Nie każdy agent nieruchomości czy sprzedawca jest uczciwy. Część chce po prostu jak najwięcej zarobić na transakcji, wykorzystując niewiedzę kupującego, lup po prostu wprowadzając go w błąd. Sprawdź, jakich oszustw na rynku nieruchomości strzec się szczególnie!
Podstawowym i najbardziej powszechnym nieczystym zagraniem jest z pewnością gazumping, który niestety znów staje się coraz popularniejszy. Gazumping polega na zaakceptowaniu przez nieuczciwego i chciwego sprzedawcę wyższej oferty sprzedaży nieruchomości, pomimo wcześniejszej ustnej zgody na sprzedaż domu innemu kupującemu po niższej cenie. Ze względu jednak na to, że pierwsza umowa zwykle nie jest sporządzona w formie pisemnej, nie ma wystarczających podstaw do odwoływania się od decyzji sprzedającego.
Kupujący w takiej sytuacji nie ma wyjścia — jeśli chce nabyć dom, musi zgodzić się na wyższą cenę.
Problem polega na tym, że zwykle wyższa od naszej oferta pojawia się w ostatniej chwili, czyli wtedy, kiedy w transakcję zaangażowany jest już broker, prawnik i wielu innych ludzi. Za ich usługi trzeba będzie zapłacić, nawet jeśli zdecydujemy się nie kupować domu, bo jego cena wzrośnie nagle do poziomu, który przekracza nasze możliwości.

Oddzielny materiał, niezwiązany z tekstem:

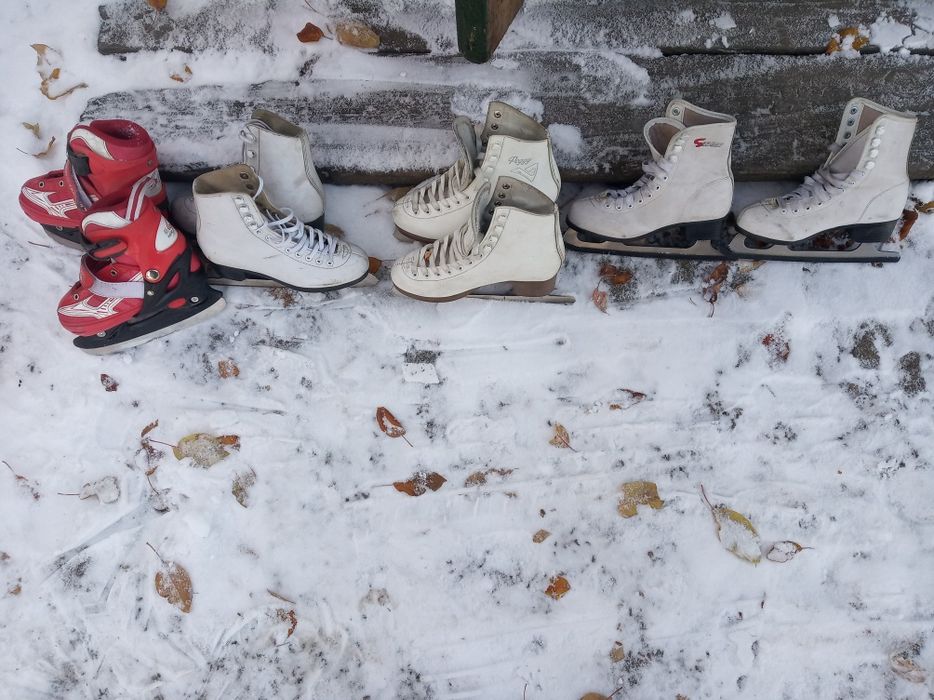 Продам коньки фигурные р-ры от 30-35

Jedynym sposobem na uchronienie się przed gazumpingiem jest sporządzenie przez sprzedającego (koniecznie w formie pisemnej) oświadczenia, w którym zobowiązuje się on do niepromowania ogłoszeń o sprzedaży nieruchomości na określony okres czasu.
Warto także postarać się możliwie przyspieszyć transakcję.

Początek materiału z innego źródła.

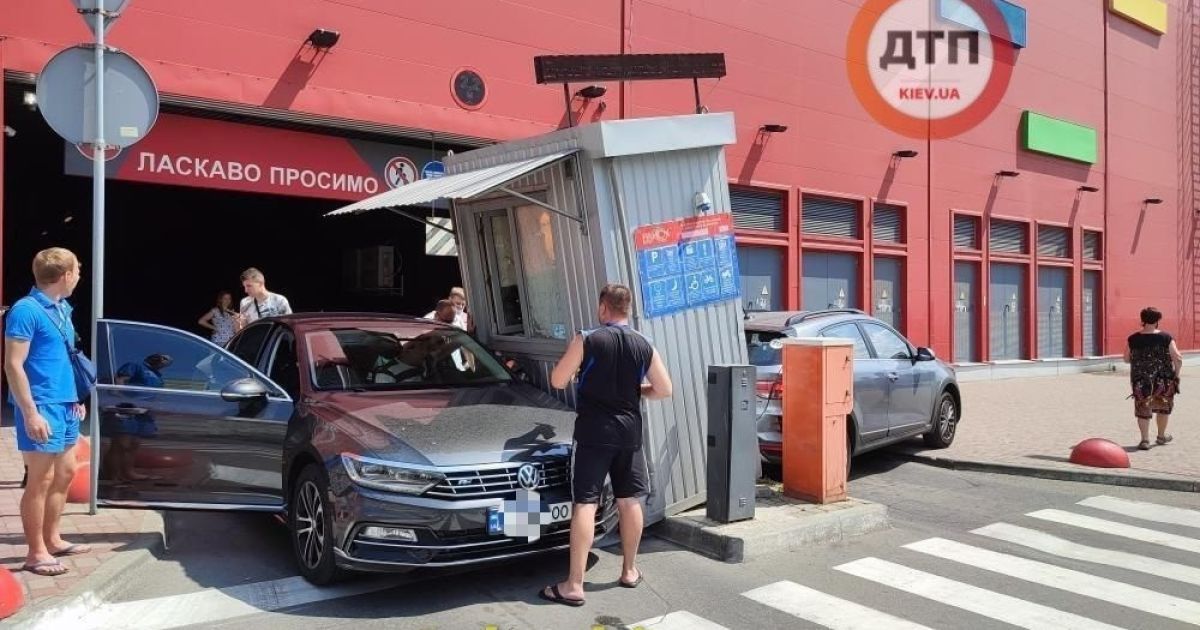 У Києві водійка збила будку паркувальника, яка придавила інше авто - фото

Gazundering to zjawisko podobne do gazumpingu, które polega na nagłym obniżeniu pierwotnej oferowanej ceny przez potencjalnego kupującego. Pojawia się ono jednak zwykle w sytuacji, gdy na rynku panuje niekorzystna sytuacja. I nie jest zmartwieniem kupującego, lecz sprzedawcy.
Oglądanie nieruchomości
Niektórzy sprzedający zapraszają na obejrzenie nieruchomości w tym samym terminie wszystkie osoby zainteresowane kupnem wybranego domu. Powoduje to wrażenie, że zainteresowanie ofertą jest spore. Kupujący są w tej sytuacji skłonni przepłacić, składając wyższą ofertę — chcą upewnić się bowiem, że to właśnie im uda się kupić dom.
Warto z góry ustalić budżet, jakiego pod żadnym pozorem nie będziemy chcieli przekroczyć, i dopiero później składać ofertę kupna nieruchomości. Dzięki temu nie damy się ponieść emocjom i nie przepłacimy!
Ile to naprawdę kosztuje?
Zdarza się, że sprzedawca ukrywa prawdziwą, ostateczną cenę domu przed kupującym. Jak to możliwe? Zasada działania tego oszustwa jest prosta — deweloper podaje tylko 80 proc. ceny całkowitej domu, nie dodając, że pozostałe 20 proc. również będziemy musieli opłacić, tyle tylko, że z pomocą programu Help to Buy. Ale środki pożyczone od państwa w ramach tego programu również musimy zwrócić! Taka promocja wprowadza kupujących w błąd.
Ty decydujesz
Niekiedy zdarza się, że agenci nieruchomości podkreślają, że sprzedającemu zależy na szybkim zakończeniu transakcji, więc najlepiej będzie skorzystać z pomocy brokera, który pomoże nam znaleźć odpowiedni kredyt hipoteczny. Pamiętaj, że agent nie ma prawa nakłaniać kupującego do skorzystania z pomocy brokera. Naciskanie na kupującego i próby manipulacji podlegają karze grzywny lub, w skrajnych przypadkach, ograniczenia wolności. Poza tym są zwyczajnie nieuczciwe. Warto zastanowić się, czy chcemy, żeby w transakcji pośredniczył agent, który już na samym jej początku próbuje nas oszukać.